Date of Award

December 2019

Document Type


Degree Name

Doctor of Philosophy (PhD)


Educational Leadership - Higher Education

Committee Member

Robert Knoeppel

Committee Member

Michelle Boettcher

Committee Member

Russ Marion

Committee Member

Cynthia Sims


The purpose of this study was to understand the impacts of outcomes-based funding legislation on senior administrator’s resource allocation decision making at public doctoral granting institutions in Colorado. This qualitative study’s participants included five CFOs who were interviewed after the third fiscal year that HB14-1319 had been operating as the funding allocation model in the state. While there has been quantitative research on outcomes-based funding policies and their effectiveness, there are noted gaps in the literature for qualitative studies. To determine the potential impacts to senior administrator’s resource allocation decision making after the introduction and switch to a outcomes-based funding model, a case study approach was utilized.

Through data analysis five common themes were discovered in the CFOs experiences.
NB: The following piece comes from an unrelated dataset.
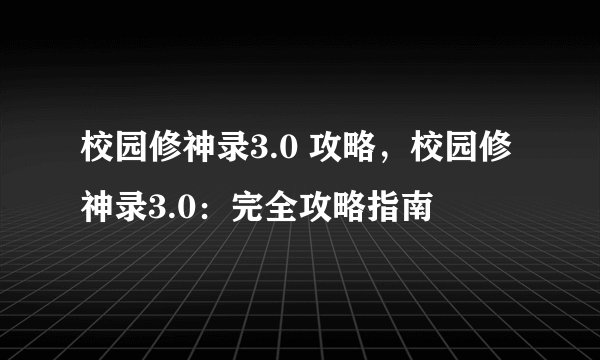 校园修神录3.0 攻略,校园修神录3.0:完全攻略指南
These themes include: student success measures, accountability, agency status quo, resource/tuition costs, and the politics of funding. These themes contributed to the findings of this study. The findings suggest that HB14-1319 priorities and goals set by the state were already priorities at Colorado doctoral granting institutions. Additionally, these outcomes-based funding goals set by the policy did not have any negative consequences attached to them. and the amount of funding provided by the state was insignificant to elicit a change in resource allocation behavior. The main objective of HB14-1319 was to provide transparency and accountability to the public for overall higher education spending. Lastly, it was found that doctoral granting institutions in Colorado have other sources of funding available to them as revenue.